EDITORIAL VOM 22. JUNI 2004

Liebe Leser,

nicht nur in Deutschland gibt es Probleme zwischen Intendanten und der Stadverwaltung. Zwei Tage vor der mit großem Interesse erwarteten Premiere von Meyerbeers “Les Huguenots”, trat der Intendant der Städtischen Oper in Metz, der bekannte englische Mozarttenor Laurence DALE, zurück. Der seit nur anderthalb Jahren wirkende künstlerische Leiter hatte durch eine sehr ambitionierte Programmierung internationales Interesse erregt.

So hatte er die Saison (benannt “Les jeux du pouvoir” – “Die Spiele der Macht”) mit zwei Opern auf das selbe Libretto eröffnet: Verdis “Gustavo III” (franz.

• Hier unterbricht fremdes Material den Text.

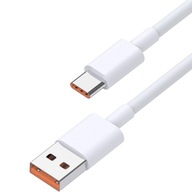 Originálny kábel Xiaomi USB-C Turbo Charge 6A 65W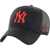 47 Brand MLB New York Yankees Branson Cap Black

EU der Erstfassng von “Maskenball”) und Aubers “Gustave III” (seit 130 Jahren nicht mehr gespielt); weiters Cherubinis “Medea” in der französischen Version, “Powder her face” von Thomas Ades (mit Sally Silver, die die Oper uraufgeführt und weltweit gespielt hatte), Webers “Freischütz” und Meyerbeers Hauptwerk, “Les Huguenots” (seit mindestens 50 Jahren in Frankreich nicht mehr gespielt), plus vier Operetten, zwei Ballette und acht Theaterstücke.

Dale fand bei der Vorbereitung für die am 9. Juni 2004 anberaumte Pressekonferenz, bei der er die Saison 2005-2005 vorstellen wollte, daß die von ihm geplante Aufführung von Saverio Mercadantes “I Horaci e i Curiaci” gestrichen und durch eine acht Jahre alte, aus Avignon importierte, Produktion von “Tosca” ersetzt worden war.

Der Kulturstadtrat Patrick Thill gab “zurückgehende Zuschauerzahlen und finanzielle Probleme” als Grund für diese Änderung an. Es ist allerdings zweifelhaft, daß eine viertklassige Aufführung von “Tosca” (für eine erstklassige Besetzung hat die Stadt natürlich nicht das Geld) mehr Zuschauer anlocken wird, als die von mir besuchte zweite Aufführung am 8. 6., die rammelvoll war, u.a. mit Besuchern aus Deutschland, der Schweiz und USA.

Laurence Dale ist der dritte Intendant des Theaters Metz in fünf Jahren, der aus Meinungsverschiedenheiten mit der Stadtverwaltung zurücktritt. wig.